BDDK'dan tüketiciye müjde! İç talebi canlandırmak için çifte destek… İşte havuz medyasının topluma servis ettiği başlıklar. Yapılan düzenlemeye göre kredi kartlarıyla yapılan alışverişlerdeki taksitlendirme süreleri uzatıldı ve asgari ödeme oranları düştü. Neden? Ekonomideki küçülme yılın ikinci yarısında da devam etmesin, seçim öncesi tüketim canlansın diye güya vatandaşı teşvik edecekler.

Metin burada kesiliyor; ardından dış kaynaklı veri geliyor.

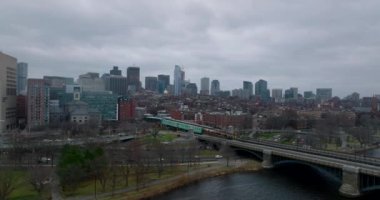 Yolcu treninin durduğu istasyonun kamera görüntülerini kaydır. Nehir üzerindeki köprü ve arka plandaki yüksek binalar. Boston, ABD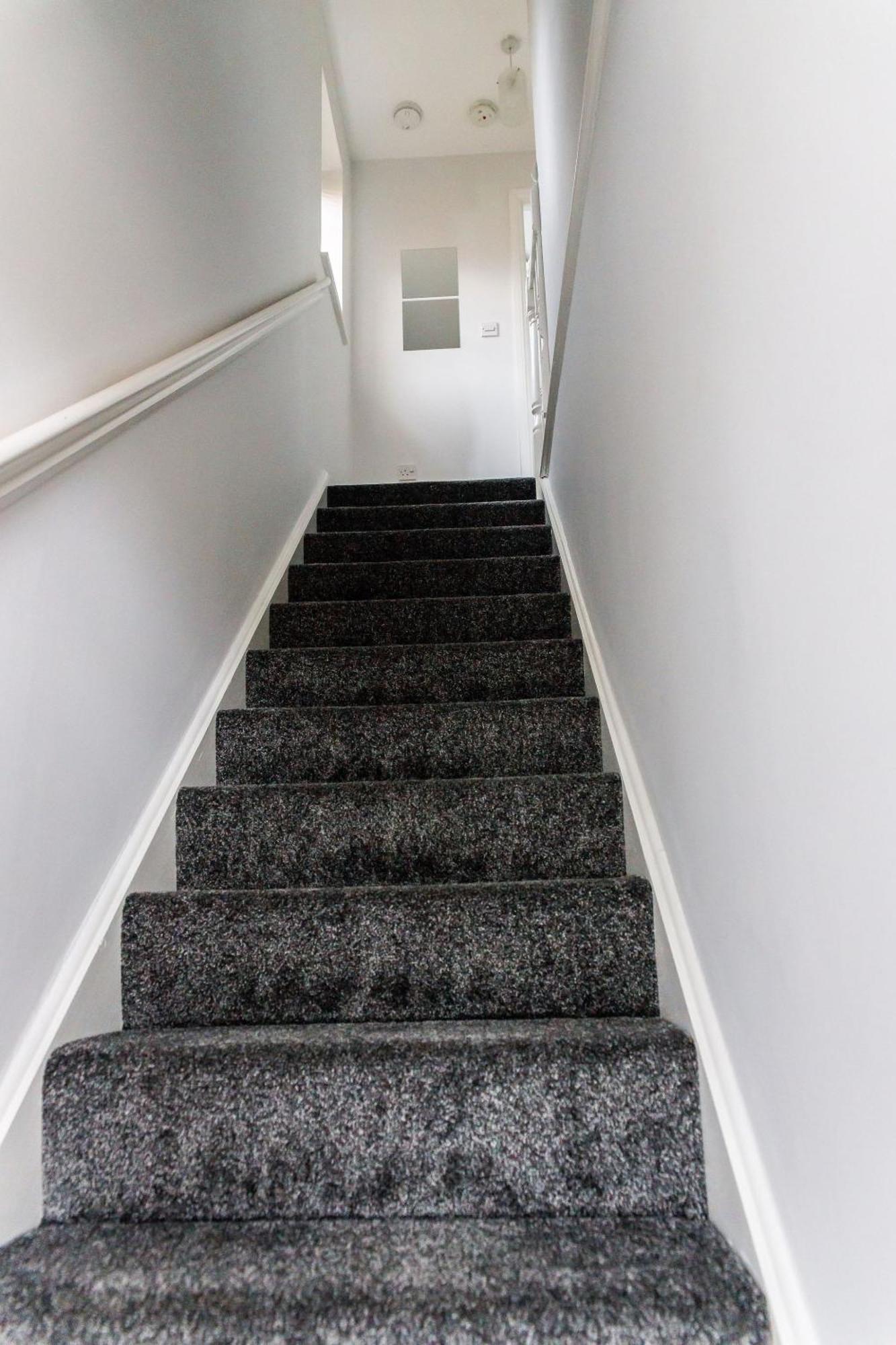 Hylton House - Spacious Home, Private Parking, Nxt To Nissan, A19, Crownworks & Stadium Of Light, Garden Sunderland (Tyne and Wear)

Zaten damat Albayrak da muhteşem öngörüsüyle enflasyonun yıl sonunda tek haneye düşeceğini söyledi ya, ver mehteri…
Mobilya, elektronik eşya, konaklama... taksit sayıları artırıldı. Sanki ekonomide her şey yolundaymış, vatandaşın borçları azalmış gibi hareket ediyorlar. Bırakın telefonu, bulaşık makinesini almayı, artık vatandaş en temel ihtiyacından, boğazından kesiyor. TÜİK'in 2019 verilerine göre şubat ayında toplanan inek sütü miktarı, geçen yılın aynı ayına göre yüzde 7,8 azaldı. İçme sütü ve inek peyniri üretimi de geriledi.
Nerden baksan tutarsızlık, nerden baksan ahmakça
Asıl gerçek olan kriz gerçeğini teğet geçip emekçileri daha uzun vadede borçlu yaşama mahkum ediyorlar. BDDK verilerine göre, kredi borcunu ödeyemediği için yasal takibe düşenlerin sayısı son bir yılda %27 artarak 483 bin kişi olmuş, yatırımlar durmuş, işsizlik artmış, asgari ücret yüksek enflasyon karşısında erimeye devam ediyor. Vatandaş geliri düştüğü için tüketemiyor. Hükümet ise geliri artırmak, istihdam yaratmak yerine borçluluk süresini uzatıyor. Nerden baksan tutarsızlık, nerden baksan ahmakça…
Bakın, “İstikrar gelecek, Türkiye şahlanacak” vaatleriyle propagandası yapılan 24 Haziran Başkanlık seçimlerinin üzerinden bir yıl geçti.
Bir yılda neler mi oldu?
CHP Genel Başkan Yardımcısı Veli Ağbaba’nın hazırladığı rapora göre;
Asgari ücretle çalışanların alım gücü yarı yarıya düştü, Türkiye AB genelinde Asgari ücret uygulamasında en kötü 4. Ülke oldu.
Türkiye’de bir yıl işsiz sayısı Kayseri ilinin Nüfusu kadar arttı. İşsiz sayısı 1 yıl içerisinde 1 milyon 376 bin kişi artarak 4 milyon 730 bin kişi oldu.
Yüksek enflasyon listesinde Türkiye 8. sıraya yükseldi.
Millli gelir düştü, ekonomi üst üste iki dönem de küçülerek resesyona girdi.
Bütçe açıkları büyüdü, TL daha fazla değer kaybetti.
Hazır tutarsızlık demişken bizim damat yine gül bahçeleri vadetti. Albayrak, “Buradan çok net söylüyorum, 3 ay sonra eylül ve ekim ayları gibi büyük bir ihtimalle tek haneli enflasyonları görmeye başlayacağız" dedi ama Merkez Bankası yıl sonu enflasyon beklentisini %15.85 olarak açıkladı.
Biz de şuan ki tabloya bakarak çok net söylüyoruz ki istatistik oyunlarla, manipülasyon ve temelsiz vaatlerle gerçekleri gizleyemezsiniz. Zaten gizleyemiyorsunuz. Asgari ücretlilerin en fazla barındığı ve krizi en net haliyle yaşadığı sanayi kentlerinde kaybettiler ve yine kaybedecekler.